The Spanish colonizers of Venezuela had established…
April 1546 CE
The Spanish colonizers of Venezuela had established their first permanent South American settlement in what is now the city of Cumaná in 1522. (Cumaná had been the first city to be founded by Europeans on the South American mainland, by Franciscan monks in 1515, but it will continue to have to be refounded several times due to successful attacks by the indigenous people.)
The Welsers, an important German banking and merchant family, originally from Augsburg, had promoted an expedition under Ambrose Dalfinger, which in 1528 had seized the province of Caracas in Venezuela.
German knight Philipp von Hutten, a relative of the Lutheran reformer Ulrich von Hutten, had passed some of his early years at the court of the emperor Charles V. He had later joined the band of adventurers, under Georg von Speyer, who had sailed to Venezuela, or Venosala as Hutten calls it, with the object of conquering and exploiting this land in the interests of the House of Welser.

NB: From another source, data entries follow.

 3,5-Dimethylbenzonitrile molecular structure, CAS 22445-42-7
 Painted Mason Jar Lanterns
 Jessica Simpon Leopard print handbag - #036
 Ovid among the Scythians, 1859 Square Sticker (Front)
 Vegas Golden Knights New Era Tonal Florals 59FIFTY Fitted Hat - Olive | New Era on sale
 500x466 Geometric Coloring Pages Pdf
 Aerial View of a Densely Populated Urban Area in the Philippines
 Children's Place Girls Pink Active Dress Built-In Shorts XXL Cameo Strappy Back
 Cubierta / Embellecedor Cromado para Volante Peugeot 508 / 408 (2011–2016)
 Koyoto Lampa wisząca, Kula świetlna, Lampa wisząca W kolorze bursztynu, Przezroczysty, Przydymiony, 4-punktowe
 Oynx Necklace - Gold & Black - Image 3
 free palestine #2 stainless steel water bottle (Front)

The party had landed at Coro in February 1535 and Hutten had accompanied von Speyer on his long and toilsome expedition into the interior in search of treasure (El Dorado).
He had become governor (captain-general) of Venezuela in December 1540, after the death of von Speyer in June.
He had vanished into the interior soon after this event, returning after five years of wandering to find that a Spaniard, Juan de Carvajal, had been appointed governor in his absence.
Carvajal seizes him, with his traveling companion, Bartholomew Welser the younger, in April 1546; the two are afterwards put to death.
Hutten leaves some letters and a narrative of the earlier part of his adventures, this Zeitung aus India Junkher Philipps von Hutten being published in 1785.
The Welsers abandon their Venezuelan venture in 1546, although they will hold Caracas for another nine years.
An abortive plan for German settlement from German Habsburg lands, to be financed through the Fugger bankers, will never come to fruition.